Material provided:
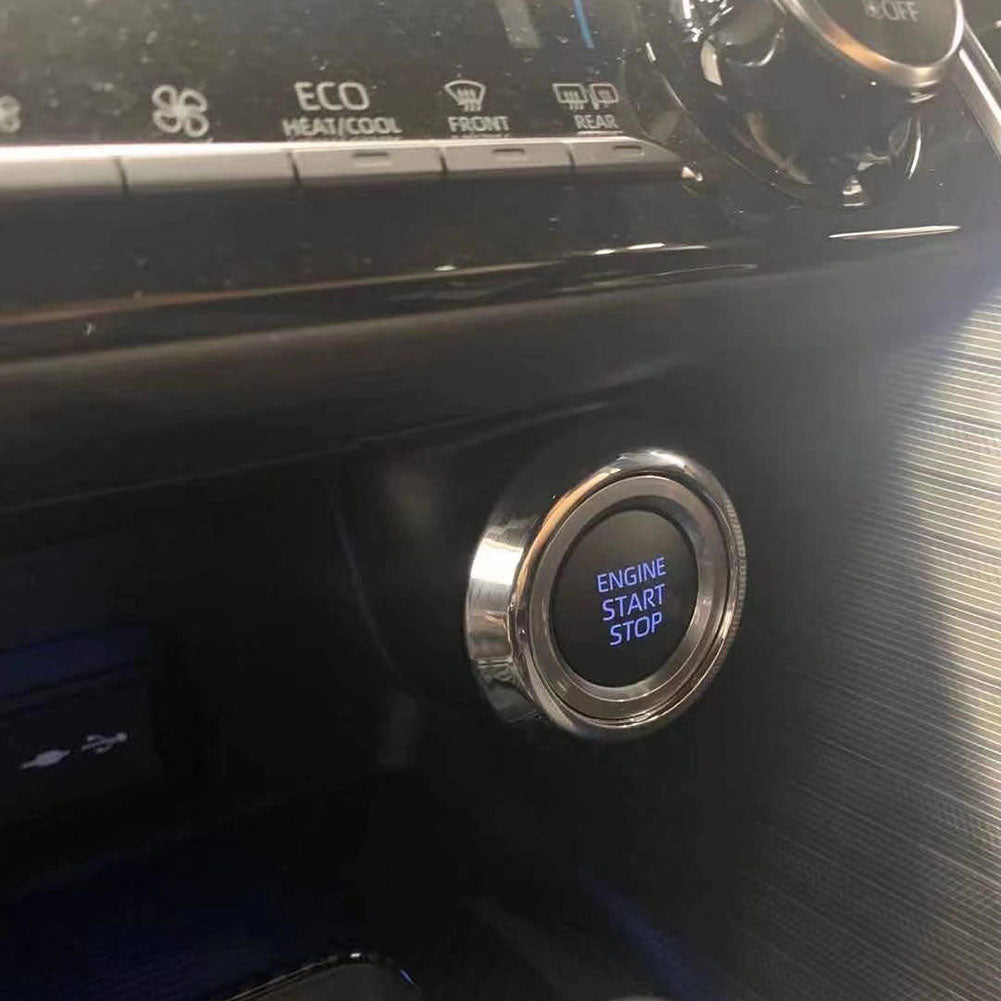 Fit for Toyota Venza 2021 2022 2023 2024 Interior Engine Start Button Ring Cover Trim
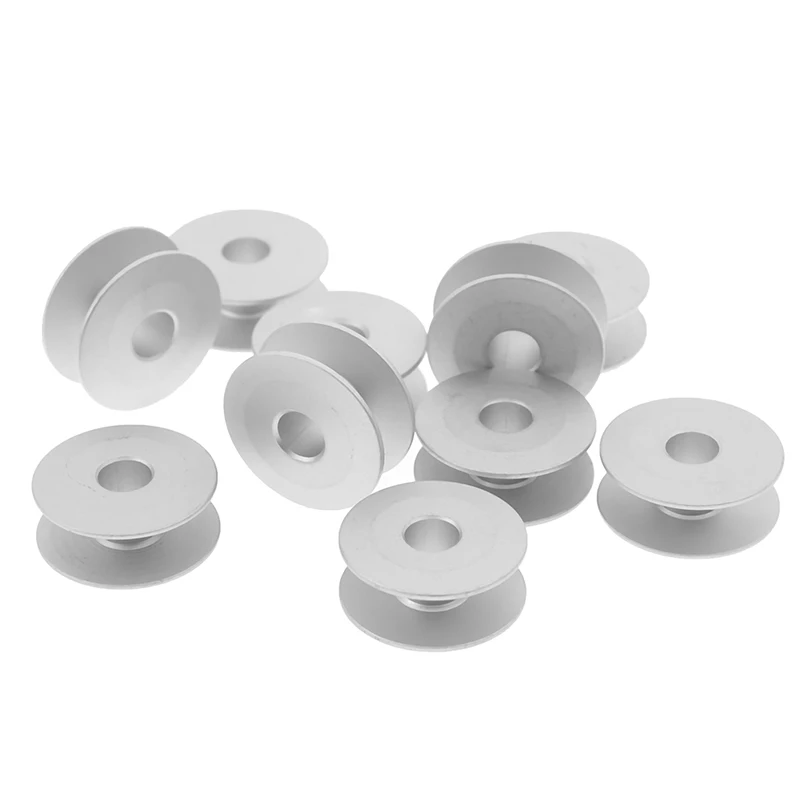 10 stücke 21mm industrielle Aluminiums pulen für Sänger Bruder Nähmaschinen
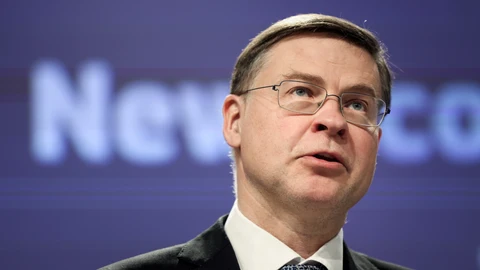 Valdis Dombrovskis Vicepresidente económico de la Comisión Europea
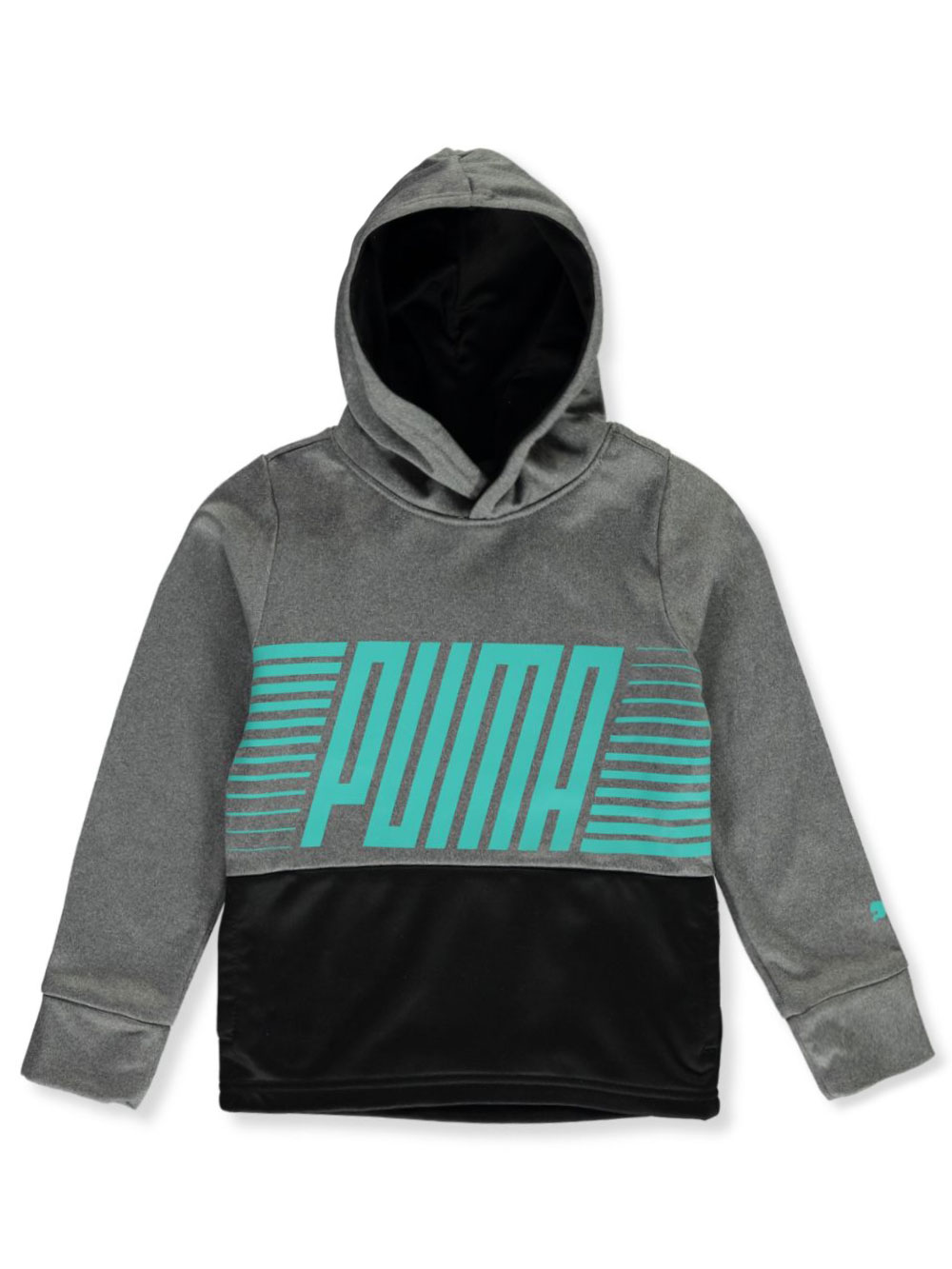 BOYS’ LOGO LINED TRICOT PULLOVER HOODIE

Exercise details: Would you reproduce the listing above exactly, without any of its images?

Final answer:
 Fit for Toyota Venza 2021 2022 2023 2024 Interior Engine Start Button Ring Cover Trim
 10 stücke 21mm industrielle Aluminiums pulen für Sänger Bruder Nähmaschinen
 Valdis Dombrovskis Vicepresidente económico de la Comisión Europea
 BOYS’ LOGO LINED TRICOT PULLOVER HOODIE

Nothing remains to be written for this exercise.